With tension mounting in China, the Dalai Lama’s scheduled visit to the University next month has taken on new significance.

The Dalai Lama is slated to deliver a lecture called “Engaging Wisdom and Compassion” at Crisler Arena April 19 and 20.

The Chinese government has accused Tenzin Gyatso, the 14th Dalai Lama and spiritual leader of Tibetan Buddhists, of inciting the recent wave of anti-Chinese violence in Tibet.

As host of the 2008 Olympic games, China is in the international spotlight and coming under fire from the United States, Britain and other countries for using force against the Tibetan protestors. The Chinese government, which has controlled the region of Tibet since 1951, claims that 19 protesters have been killed as a result of the protests, but aides close to the Dalai Lama say the toll is closer to 130.

Gyatso, a Nobel Peace Prize winner and promoter of nonviolence, told media sources yesterday that he might resign his post if “things get out of control.”

In light of recent Tibetan protests calling for independence from China, his upcoming speech would likely garner more international attention. But some fear that it might not happen at all.

Prof. Mary Gallagher, the interim director of the Center for Chinese Studies, said the conflict might force the Dalai Lama to cancel the event and tend to more pressing issues.

“There’s a lot of things that are happening that make it more important that the Dalai Lama is somewhere else,” she said.

But Gelek Rimpoche, the founder and spiritual leader of Jewel Heart, the organization bringing the Dalai Lama to Ann Arbor, said he believes the Dalai Lama will honor his speaking engagement and come to the University.

According to the Tibetan government’s website, he is also scheduled to speak in Seattle, Wash. in early April.

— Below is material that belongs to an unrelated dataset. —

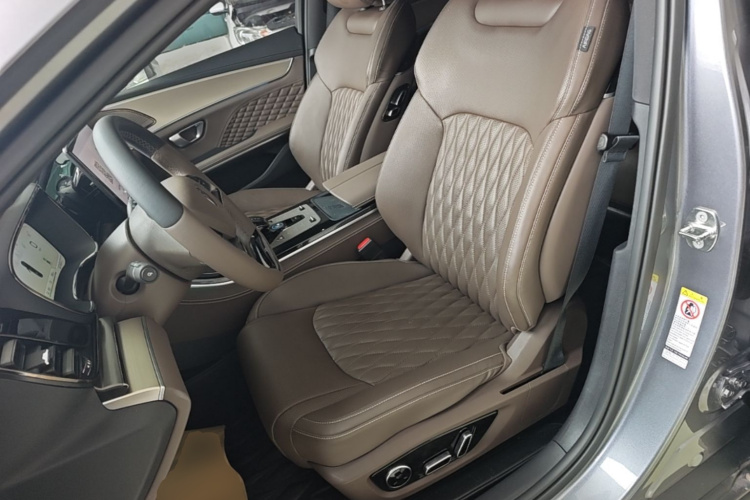BYD Han 2023 car image #15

Rimpoche said he expects the Dalai Lama to discuss the current situation in Tibet when he comes to the University to speak.

“It will be on everyone’s mind, and it’s on his mind too, so he will talk about it,” he said.

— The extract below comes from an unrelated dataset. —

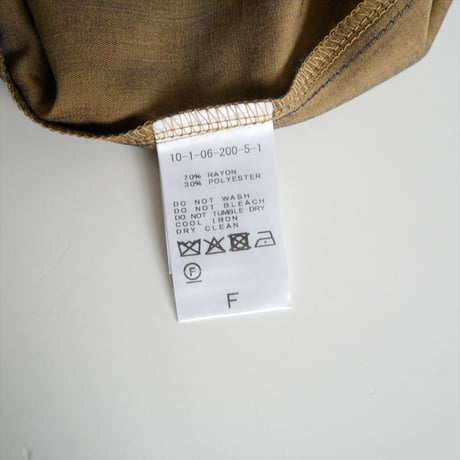 2025 / FIL DE FER / レーヨンポリシャンブレー スタンドタックブラウス / 10-1-06-200-5-1 / 2506-0619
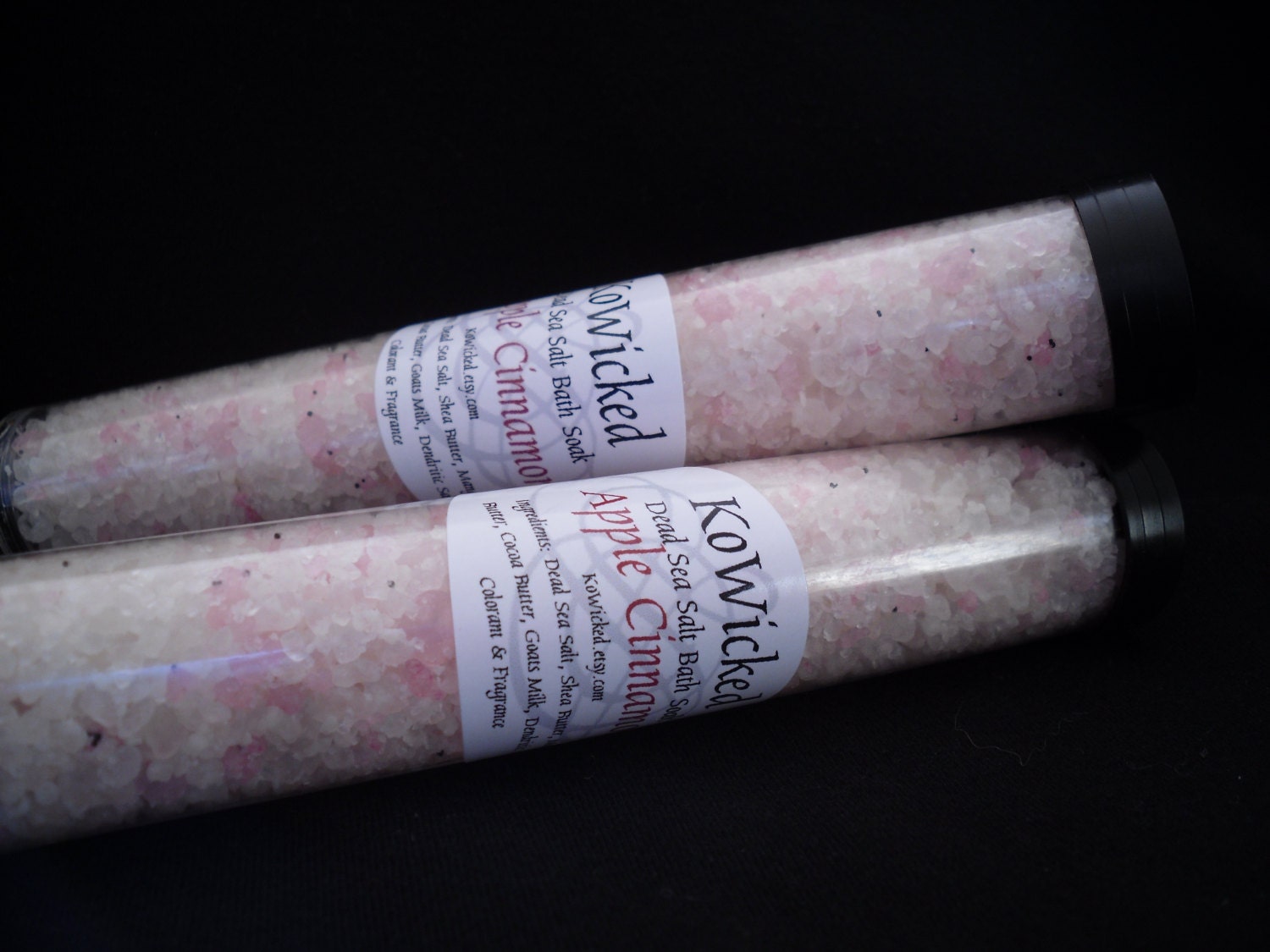 Apple Cinnamon Dead Sea Salt, Cocoa Butter, Mango Butter, Shea Butter, Oils & Goats Milk Bath Soak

Rimpoche said the Dalai Lama would likely reiterate his demands for the Chinese government to give Tibetans greater autonomy, like freedom of religion.

Gallagher said the Dalai Lama’s speech at the University would be an ideal forum for him to express his views on the situation in Tibet.

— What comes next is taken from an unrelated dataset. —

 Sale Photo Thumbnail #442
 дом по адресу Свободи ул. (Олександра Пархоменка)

The Dalai Lama has provoked a reaction from the Chinese government speaking before American government officials, she said, but at the University, he can reach a wide audience without worrying about political ramifications.

The Dalai Lama has called the current situation in Tibet a cultural genocide, but Gallagher said it’s possible that circumstances could “change dramatically” in the weeks before the Dalai Lama comes to campus.